A good first target feature is the awesomebar. It is highly visible, and since it makes extensive use of text searches, it stands to benefit from this work.
(Note that full text search does not mean that we store the entire text of pages. We will use it to store page titles, URLs, tags, etc., as we already do now, only lookup will be fast.)
- Champion, lead: adw
STALLED, GOING DOWN, PEOPLE SCREAMING
After a few weeks of exploration, it's not clear as I had hoped it would be that FTS can provide faster awesomebar searches on the desktop. The awesomebar's default SQL query (one of several it performs) makes good use of indexes, and while I don't fully understand why, its execution seems to take constant time independent of data set size. Prefix searches with FTS are slow; to mitigate, I investigated partitioning the FTS table into many tables, each containing no more than 1000 rows. Individual table lookups were fast with this scheme, but the overhead of searching dozens of tables conspired to make the aggregate query slower than the awesomebar's default query. Perhaps there is a way to game this tradeoff between partitioning and overhead that more tinkering would reveal.

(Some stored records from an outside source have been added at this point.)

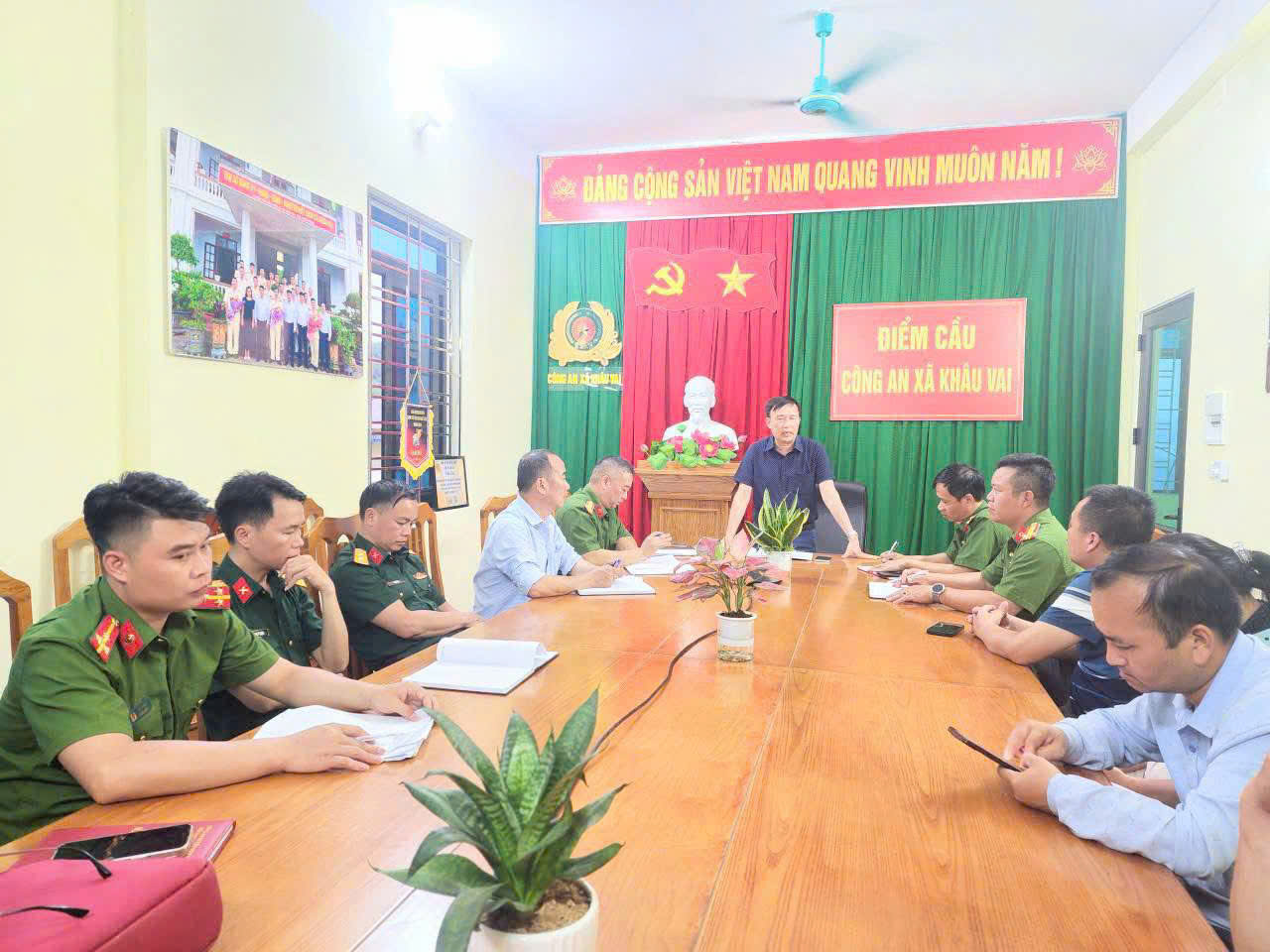 Khâu Vai họp hội ý sau hai ngày thực hiện Chiến dịch cao điểm “Mùa hè số cùng VNeID”
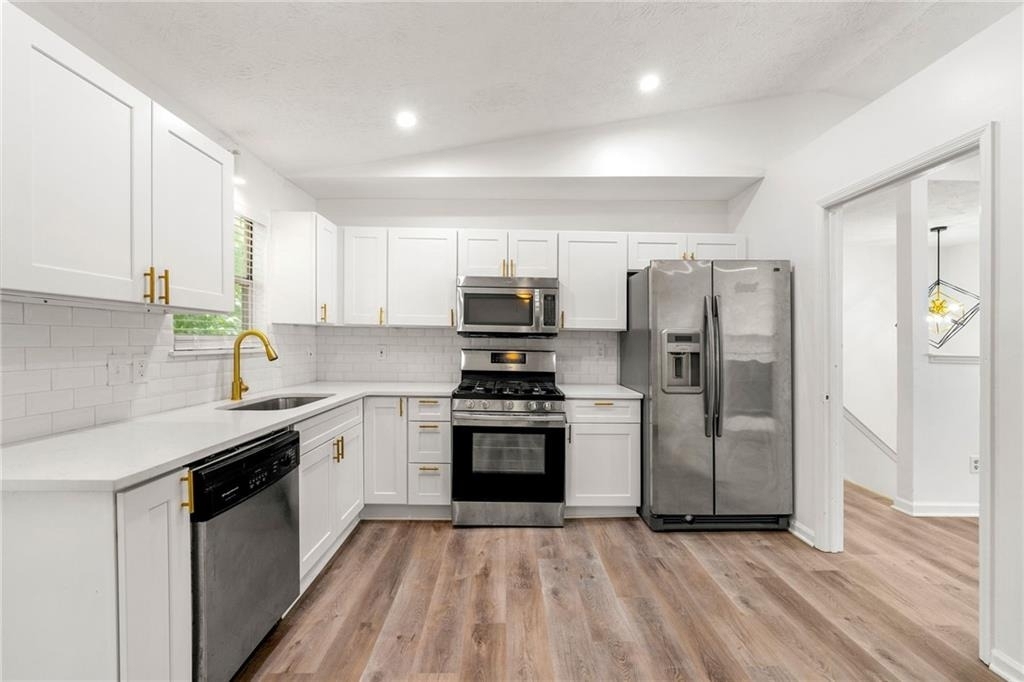 2290 Wilkins Cove - Photo 2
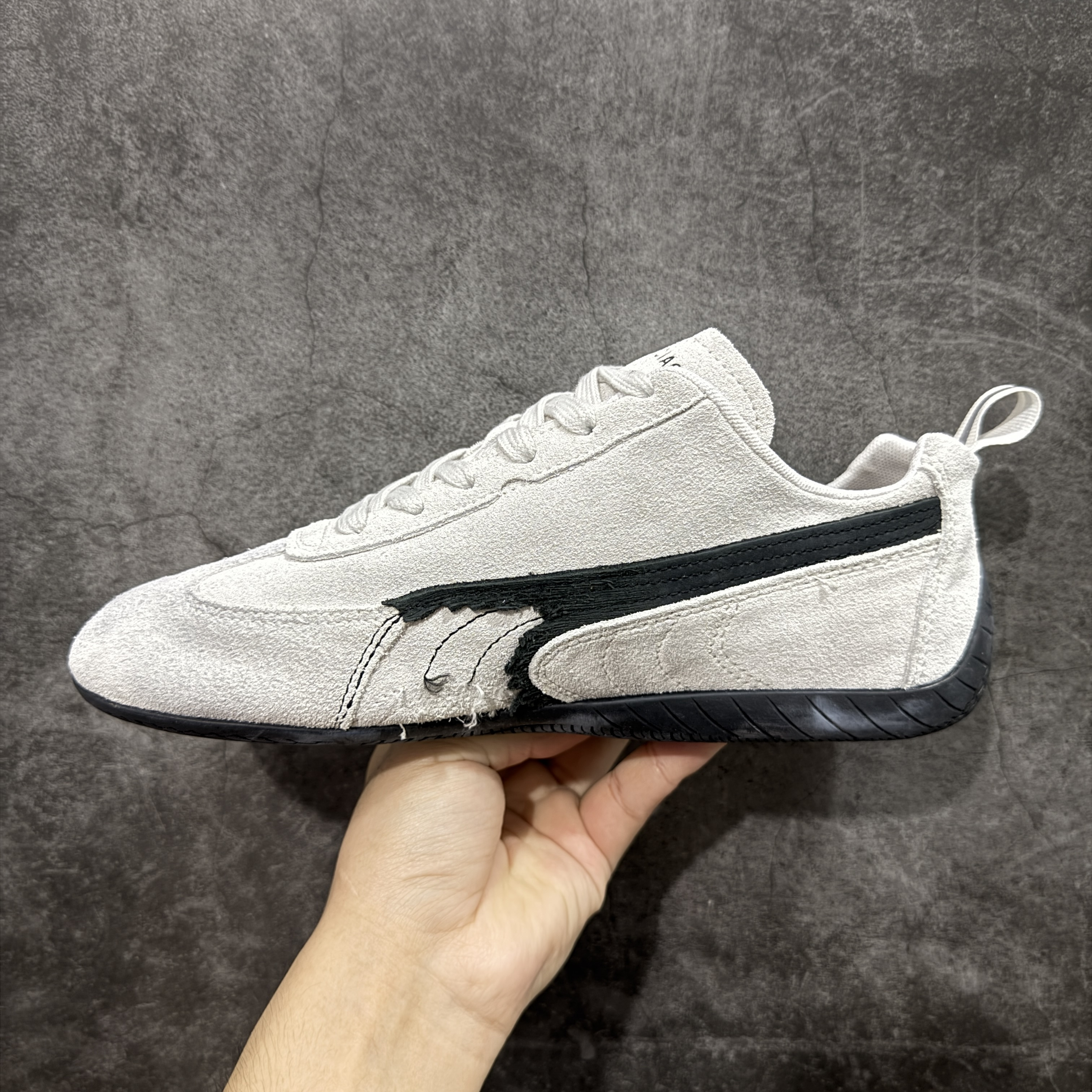 Balenciaga The Open Product x Puma Speedcat  巴黎世家 低筒 做旧 系带 二层绒面皮防滑耐磨 低筒 舒适时尚 赛车 跑步鞋 休闲鞋 波鞋 白色 406519 02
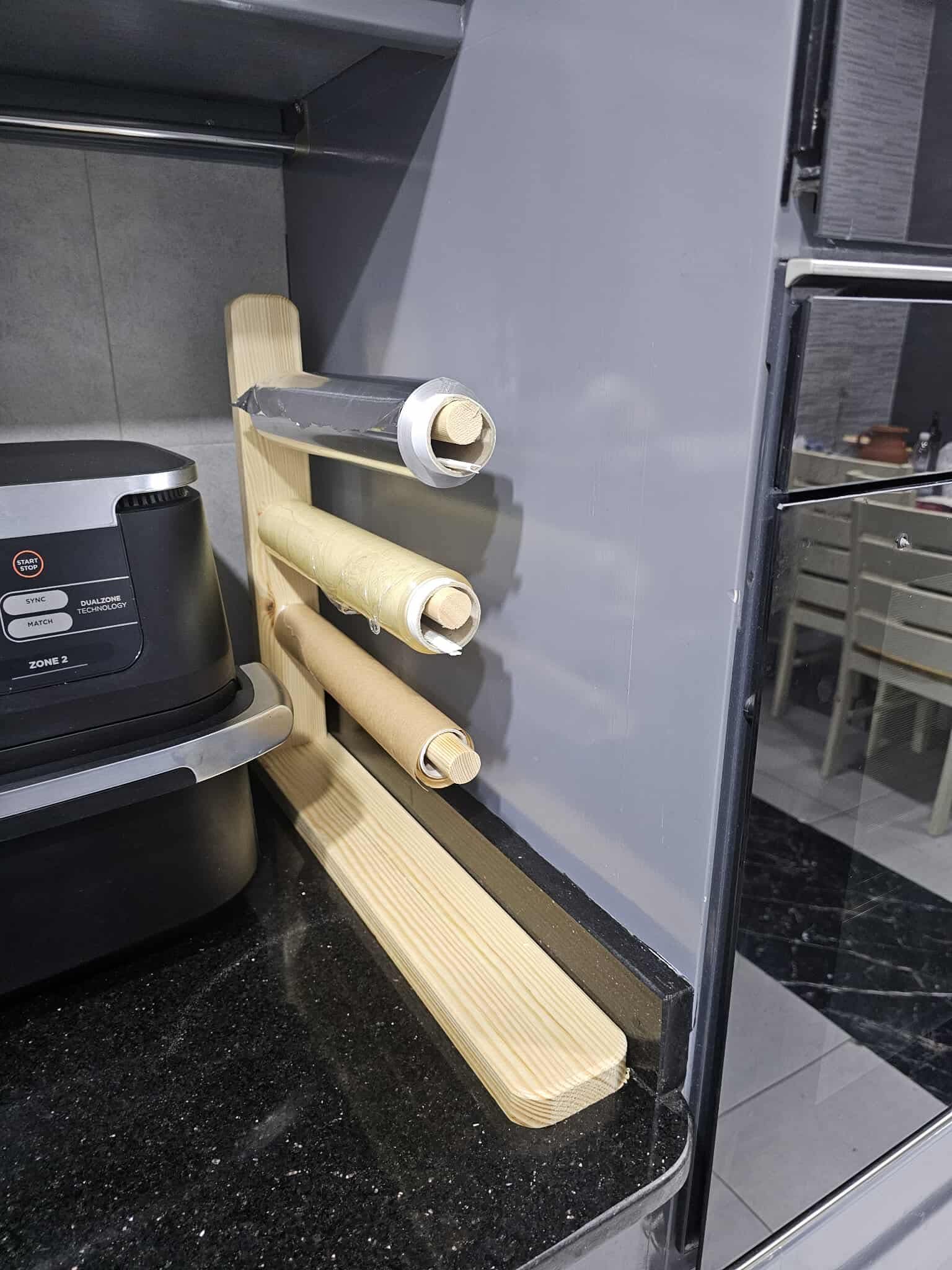 منظّم أوراق المطبخ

There may be other areas of Firefox where FTS can help -- search terms in the Places query API, for example.
On hold for now.
Week of 2010/03/15
- Progress in hooking up the awesomebar to FTS for the purpose of performance testing.
- Exact matches are quite fast, i.e., matching whole words. Finding the records in a places database with 34000 history entries that match a whole word is on the order of 10 ms. Noticably faster than the current awesomebar.
- However, prefix searches, i.e., searching for words that start with a given string, can be quite slow. For common prefixes, they can be even slower than a full table scan. (See also this mail.) Prefixing searching is of course the real-world case.
- If prefix searches are really slower than full table scans, then this project is done.
- So I'm currently trying ways of optimizing prefix searches. Partitioning the FTS tables and doing multiple queries is showing some promise.
Week of 2010/03/08
- Gecko has some facilities for i18n word boundary analysis under the intl/lwbrk/ directory.
- nsISemanticUnitScanner is the only interface there, and nsSemanticUnitScanner is its only implementation. nsSemanticUnitScanner is derived from nsSampleWordBreaker, which as its name implies is not robust. It supports ASCII but as far as I can tell has incomplete support for CJK and Thai and no support for other scripts. Manual testing shows that it does not tokenize Japanese satisfactorily.
- There's nsIWordBreaker, but its only implementation is nsSampleWordBreaker.
- There are some other files. There are several line breakers in the src directory. There's another word breaker, but it's for Thai text only. There's a smattering of files related to JIS encoding.
- Thunderbird 3 does FTS with a custom tokenizer in the mailnews/extensions/fts3/ directory.
- According to the readme, the tokenizer "supports CJK indexing using bi-gram. So you have to use bi-gram search string if you wanto to search CJK character." There is no mention of other scripts.
- I chatted with asuth about it, asked how well their tokenizer serves their users and whether he could recommend it to us.
- What's in their tree right now is mainly just improvements to CJK tokenization.
- There's a pending patch on bug 525537 that handles case and accent folding, but that's only an improvement to the Porter stemmer. Before we (Firefox) even think about stemming, we need to competently support i18n text in the first place. I also think that stemming, while definitely a good thing in general, is more useful for Thunderbird, where they are indexing the entire bodies of emails. We don't currently plan to index bodies of Web pages. I would expect stemming to be less useful for page titles and especially things like URLs, tags, and keywords.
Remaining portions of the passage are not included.